Absolute Pose Regression (APR) methods use deep neural networks to directly regress camera poses from RGB images. However, the predominant APR architectures only rely on 2D operations during inference, resulting in limited accuracy of pose estimation due to the lack of 3D geometry constraints or priors. In this work, we propose a test-time refinement pipeline that leverages implicit geometric constraints using a robust feature field to enhance the ability of APR methods to use 3D information during inference. We also introduce a novel Neural Feature Synthesizer (NeFeS) model, which encodes 3D geometric features during training and directly renders dense novel view features at test time to refine APR methods. To enhance the robustness of our model, we introduce a feature fusion module and a progressive training strategy. Our proposed method achieves state-of-the-art single-image APR accuracy on indoor and outdoor datasets.

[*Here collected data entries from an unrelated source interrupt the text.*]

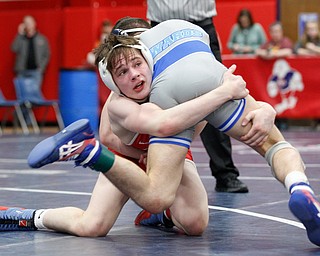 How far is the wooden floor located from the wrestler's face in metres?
0.70

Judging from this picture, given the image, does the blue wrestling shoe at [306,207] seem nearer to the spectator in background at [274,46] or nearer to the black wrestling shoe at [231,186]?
the black wrestling shoe at [231,186]

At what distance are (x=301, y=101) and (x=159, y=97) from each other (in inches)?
349

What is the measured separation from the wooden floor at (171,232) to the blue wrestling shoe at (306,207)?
165mm

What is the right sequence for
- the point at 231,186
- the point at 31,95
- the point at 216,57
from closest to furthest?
1. the point at 231,186
2. the point at 216,57
3. the point at 31,95

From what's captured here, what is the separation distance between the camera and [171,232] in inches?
185

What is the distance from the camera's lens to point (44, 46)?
1516cm

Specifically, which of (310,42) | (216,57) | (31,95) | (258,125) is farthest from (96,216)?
(31,95)

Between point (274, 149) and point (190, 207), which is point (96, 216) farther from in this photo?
point (274, 149)

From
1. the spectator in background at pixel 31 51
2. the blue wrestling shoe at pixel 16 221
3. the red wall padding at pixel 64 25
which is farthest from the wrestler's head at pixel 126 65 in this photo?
the spectator in background at pixel 31 51

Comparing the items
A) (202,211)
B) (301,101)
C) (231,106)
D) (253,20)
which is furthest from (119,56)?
(253,20)

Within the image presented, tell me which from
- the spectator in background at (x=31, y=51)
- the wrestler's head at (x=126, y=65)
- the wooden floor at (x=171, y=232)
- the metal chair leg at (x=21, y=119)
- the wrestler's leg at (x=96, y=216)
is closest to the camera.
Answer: the wooden floor at (x=171, y=232)

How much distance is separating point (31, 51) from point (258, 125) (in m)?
11.3

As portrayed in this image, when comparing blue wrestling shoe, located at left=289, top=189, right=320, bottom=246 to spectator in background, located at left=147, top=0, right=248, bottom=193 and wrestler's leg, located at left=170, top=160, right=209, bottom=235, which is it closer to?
wrestler's leg, located at left=170, top=160, right=209, bottom=235

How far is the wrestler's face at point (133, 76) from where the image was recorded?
431 centimetres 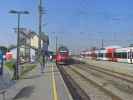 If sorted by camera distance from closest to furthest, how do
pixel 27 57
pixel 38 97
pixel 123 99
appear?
pixel 38 97 → pixel 123 99 → pixel 27 57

翻译：绝对位姿回归（APR）方法利用深度神经网络直接从RGB图像中回归相机位姿。然而，主流的APR架构在推理过程中仅依赖二维操作，由于缺乏三维几何约束或先验信息，导致位姿估计精度有限。本文提出了一种测试时精炼流水线，通过利用鲁棒特征场隐式引入几何约束，增强APR方法在推理过程中使用三维信息的能力。同时，我们引入了一种新型神经特征合成器（NeFeS）模型，该模型在训练过程中编码三维几何特征，并在测试时直接渲染密集的新视角特征以精炼APR方法。为增强模型鲁棒性，我们提出了特征融合模块与渐进式训练策略。所提方法在室内外数据集上均实现了当前最优的单幅图像APR精度。